Note that training the model takes one extra parameter as well which specifies converting the categorical values to numeric values before training the model.

We will now use the testing data to make predictions.

``````# making prediction
light_prediction = lightClf.predict(X_test)``````

Once the predictions are done, we will use the confusion matrix to evaluate the performance of the model.

``````# importing seaborn
import seaborn as sns
# Making the ConfusionMatrix
from sklearn.metrics import confusion_matrix
# setting the size
sns.set(rc={'figure.figsize':(10,8)})
# providing important parameters
cm = confusion_matrix(y_test, light_prediction)
sns.heatmap(cm,annot=True)
# saving confusion matrix in png form
plt.savefig('confusion_Matrix.png')``````

Output:

This shows that out of 959 only 7 values are misclassified by the model. The rest all have been classified correctly,

Let’s also calculate the accuracy scores as well.

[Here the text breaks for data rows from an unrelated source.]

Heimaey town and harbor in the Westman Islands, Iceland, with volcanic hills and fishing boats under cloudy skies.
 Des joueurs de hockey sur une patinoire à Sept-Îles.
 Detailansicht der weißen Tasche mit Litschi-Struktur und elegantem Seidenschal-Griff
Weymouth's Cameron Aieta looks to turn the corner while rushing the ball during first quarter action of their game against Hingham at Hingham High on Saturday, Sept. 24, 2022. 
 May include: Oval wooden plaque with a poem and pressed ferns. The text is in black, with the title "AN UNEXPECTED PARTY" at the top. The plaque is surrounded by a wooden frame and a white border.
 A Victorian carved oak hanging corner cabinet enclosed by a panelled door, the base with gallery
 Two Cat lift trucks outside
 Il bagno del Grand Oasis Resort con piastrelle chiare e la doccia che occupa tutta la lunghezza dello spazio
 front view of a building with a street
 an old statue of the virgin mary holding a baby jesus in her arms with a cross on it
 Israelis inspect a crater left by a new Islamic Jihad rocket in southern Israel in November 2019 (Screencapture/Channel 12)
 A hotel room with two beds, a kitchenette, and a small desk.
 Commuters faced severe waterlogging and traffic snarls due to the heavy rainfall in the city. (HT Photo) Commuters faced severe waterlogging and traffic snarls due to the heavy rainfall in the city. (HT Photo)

``````# importing accuracy score
from sklearn.metrics import accuracy_score
# printing the higher accuracy /better performance rate
accuracy_score(y_test, light_prediction)``````

Output:

This shows that 99% of the testing data has been correctly classified by the LightGBM model on the given classification data.

Summary

In this article, we have discussed the LightGBM algorithm in detail. We have seen how it works and differs from other boosting algorithms like XGBoost or Gradient Boosting. We also applied the LightGBM algorithm to a few classification and regression problems to see how well it performed. The impressive results showed that a LightGBM algorithm is a powerful tool for solving Machine Learning problems.